◆ Brief
Would you repeat the listing exactly, without any of its images?

◆ Given material
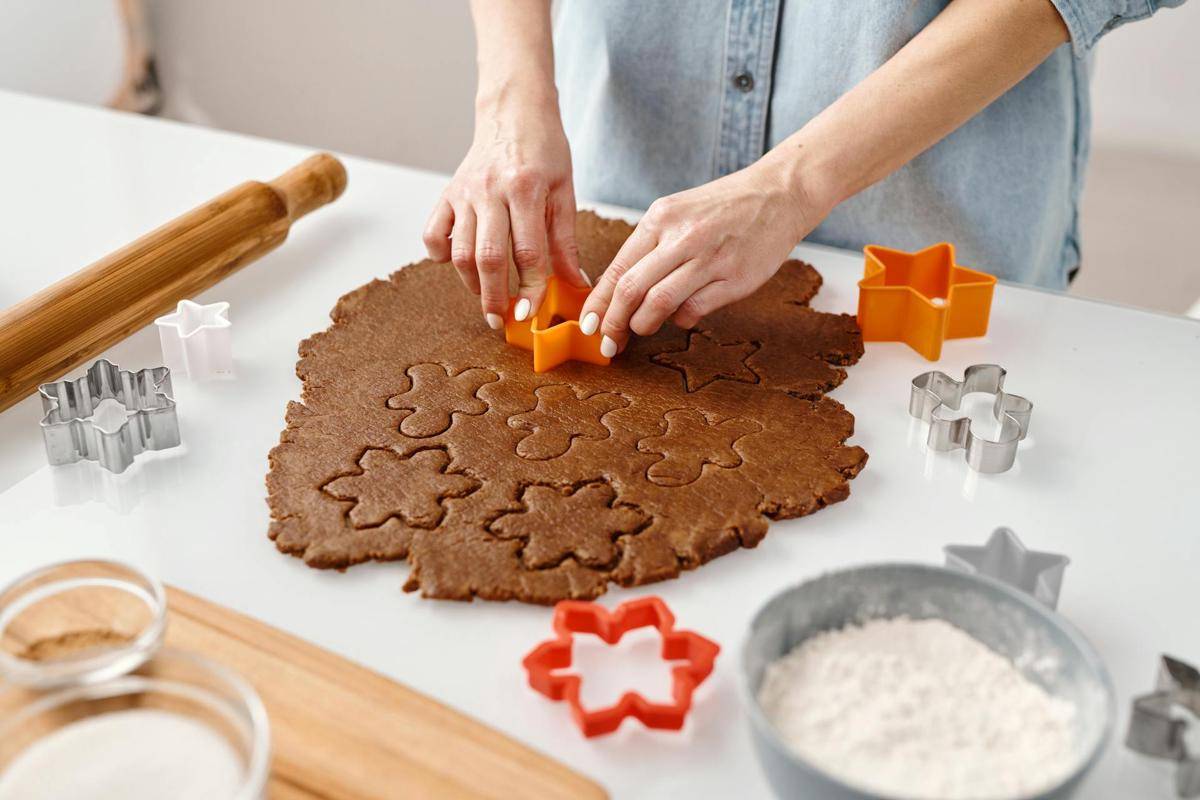 ilustrasi cetakan kue kering (pexels.com/Nicole Michalou)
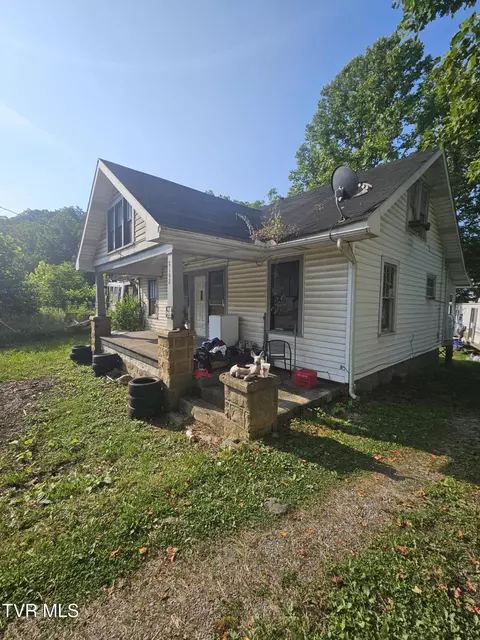 8102 Main Street Pound Va 24279, Pound, VA 24279 photo 1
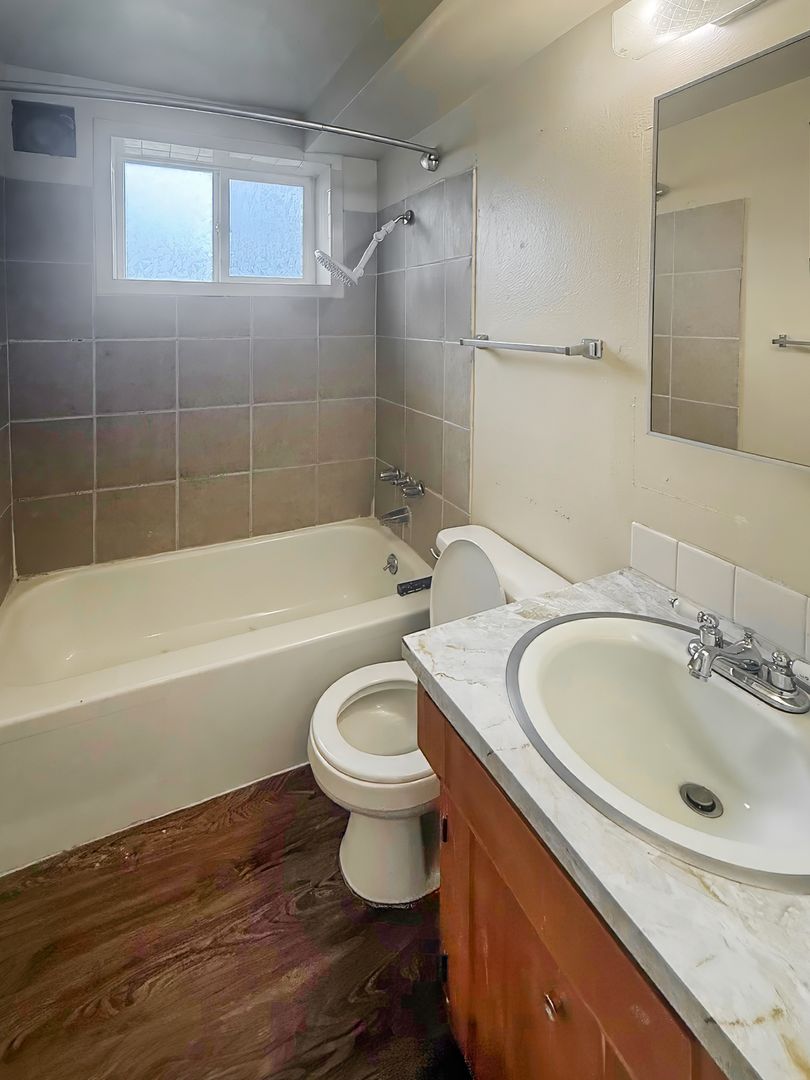 Medical Lake Apartment: 723 E Ladd St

◆ Response box
 ilustrasi cetakan kue kering (pexels.com/Nicole Michalou)
 8102 Main Street Pound Va 24279, Pound, VA 24279 photo 1
 Medical Lake Apartment: 723 E Ladd St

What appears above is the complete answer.